An oily sheen has spread around a stricken North Sea gas rig, Greenpeace activists on a ship nearby said Monday, but Total insisted it was formed by gas condensate.Greenpeace's Koenigin Juliana research ship arrived on Monday at the edge of an exclusion zone around the abandoned Elgin platform owned by Total, 150 miles (240 kilometres) off Aberdeen in eastern Scotland.
The French energy giant insists there has been little environmental impact since the gas began leaking from the platform on March 25.
But Christian Bussau, a marine expert from Greenpeace who is on board the ship, said a multi-coloured sheen around the platform was spreading and the group was taking air and water samples.
He said he believed the substance to be oil, though he admitted Greenpeace would not be able to analyse its samples until the ship returned to its base in Germany.
"This is a really big accident," Bussau said from the Koenigin Juliana, which is about three nautical miles from the platform. "Total must immediately start to close the leak, or the pollution won't stop."
Total has readied a Hercules military transport plane carrying dispersant that could be sprayed on the sheen, but said it did not expect it would be necessary to deploy it.
It says the sheen is caused by gas condensate, or gas that has turned to vapour.
"The light condensate poses no significant threat to seabirds or other wildlife," a Total spokeswoman told AFP.
Greenpeace dispatched the Koenigin Juliana from Germany on Saturday.
"Oil companies often withhold information when there are accidents," Bussau said. "We want to get our own picture of the environmental damage from the scene."
Total, which has seen an estimated eight billion euros ($10 billion) wiped off its stock value since the leak was discovered, is awaiting British regulators' advice on whether it is safe to approach the rig.
The Health and Safety Executive (HSE) told AFP its officials would meet with Total in Aberdeen on Monday, while the energy giant said it was assembling a crew to go on to the platform "in the next couple of days".
Total said the crew would include outside experts from Texas-based firm Wild Well Control.
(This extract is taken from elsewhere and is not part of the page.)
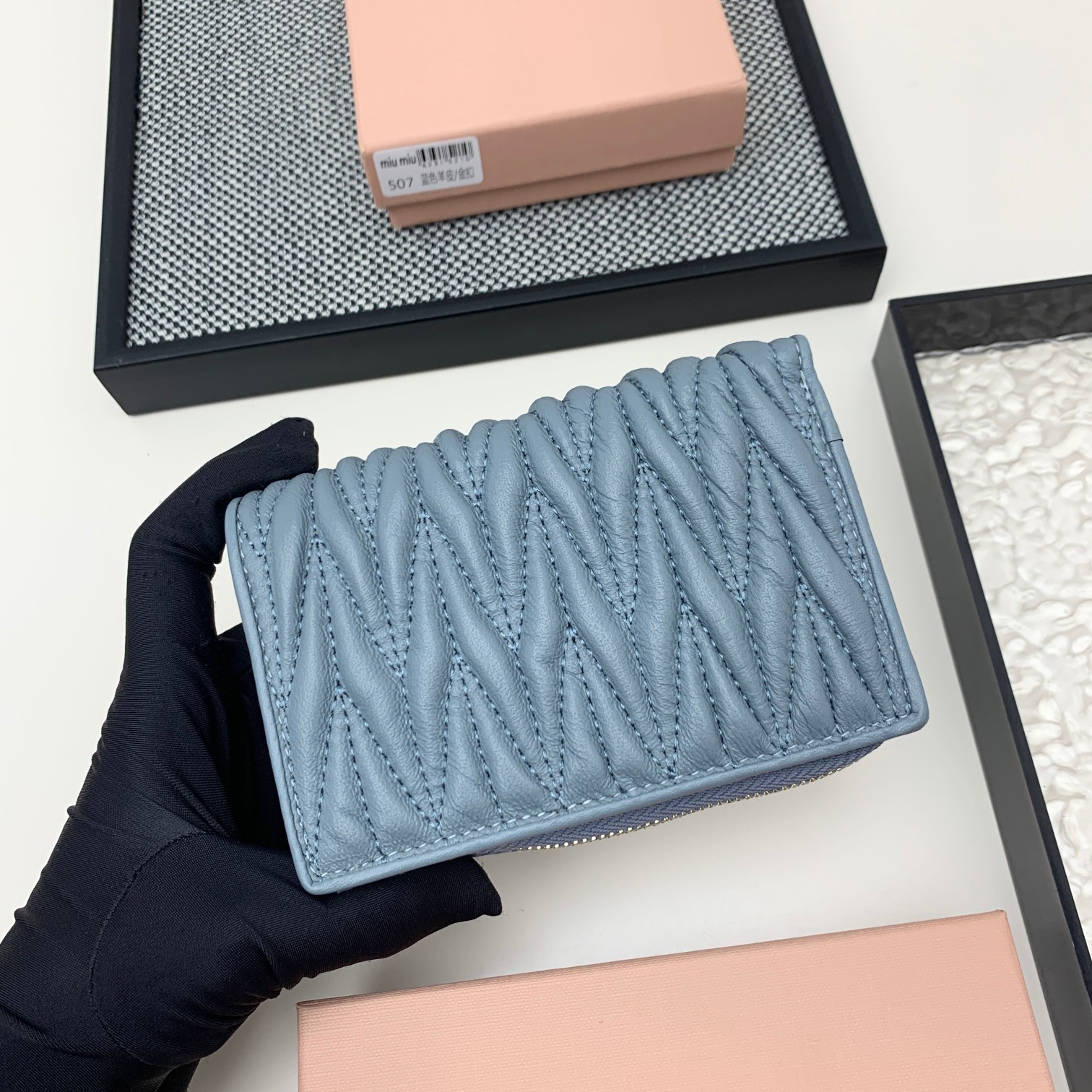 编号:507
品牌:miu miu 
颜色:黑色 粉色 蓝色
尺寸: 13.5.*9.5.*3.5
说明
They were among the experts who worked to stem the massive oil spill following an explosion at BP's Deepwater Horizon rig in the Gulf of Mexico in 2010.
Total is preparing to drill two relief wells to stop the gas leak, in parallel with an operation to pump so-called "heavy mud" at high pressure into the stricken well.
The last of Elgin's 238 crew were evacuated on March 25, while Total's Anglo-Dutch rival Shell has also been forced to halt output at its Shearwater platform and Noble Hans Deul rig, four miles away, because of safety concerns.
The last major accident in the North Sea was in 1988, when the Piper Alpha oil platform operated by the US-based Occidental Petroleum exploded, killing 167 people.
Total's British rival BP is still recovering from damage to its reputation and finances caused by the Deepwater Horizon spill.